__Your objective__: Identify the line with "G5-Act - Int III - Mapa de Contexto"; copy word for word that line and every one after it, to the end of the listing. Exclude pictures.

__Supplied information__:
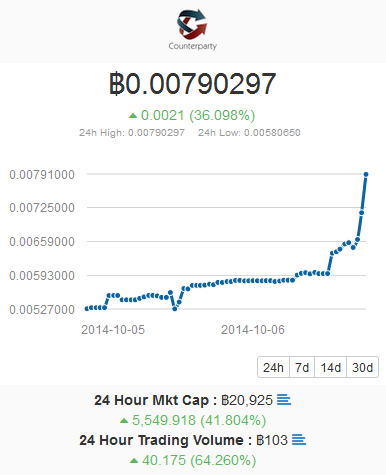 Overstock Chooses Counterparty for Decentralized Stock Exchange; XCP Price Rises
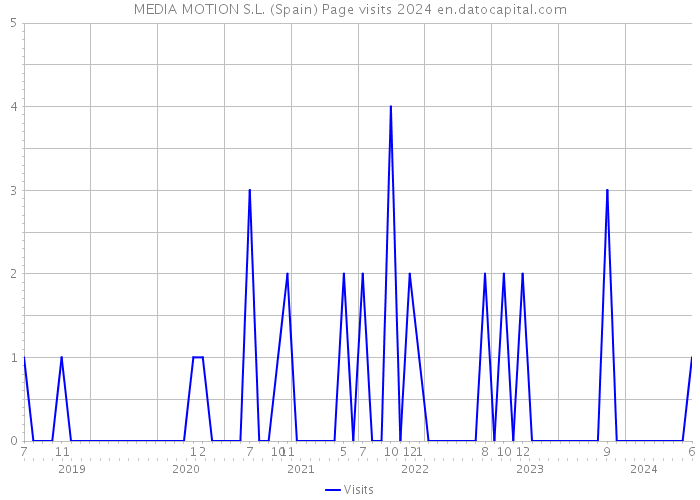 MEDIA MOTION S.L. (Spain) Page visits 2024 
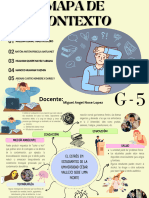 G5-Act - Int III - Mapa de Contexto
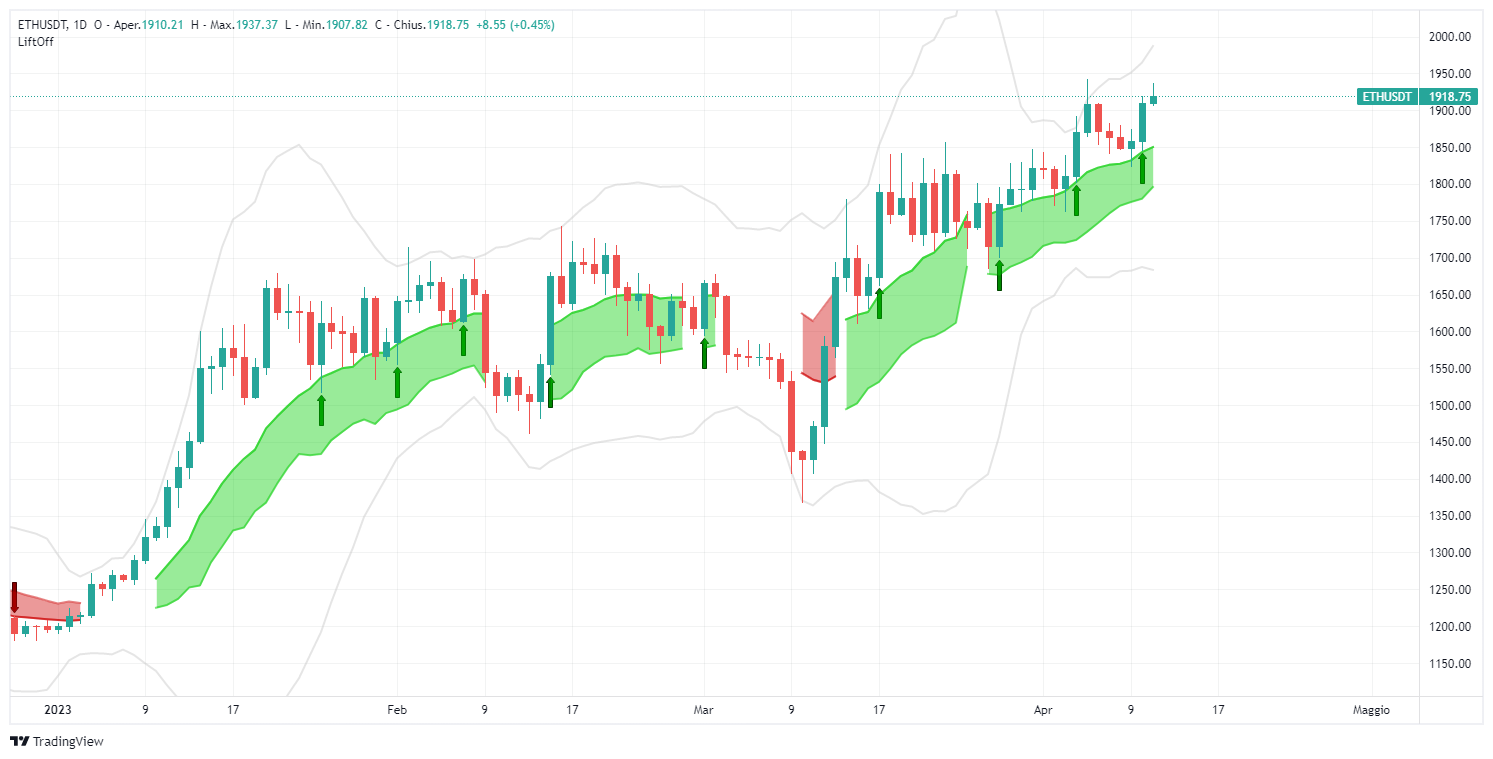 segnale, Ethereum, ETHUSDT, ETH, analisi, operazione, crypto, altcoin, Lift-Off, long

__Written solution__:
 G5-Act - Int III - Mapa de Contexto
 segnale, Ethereum, ETHUSDT, ETH, analisi, operazione, crypto, altcoin, Lift-Off, long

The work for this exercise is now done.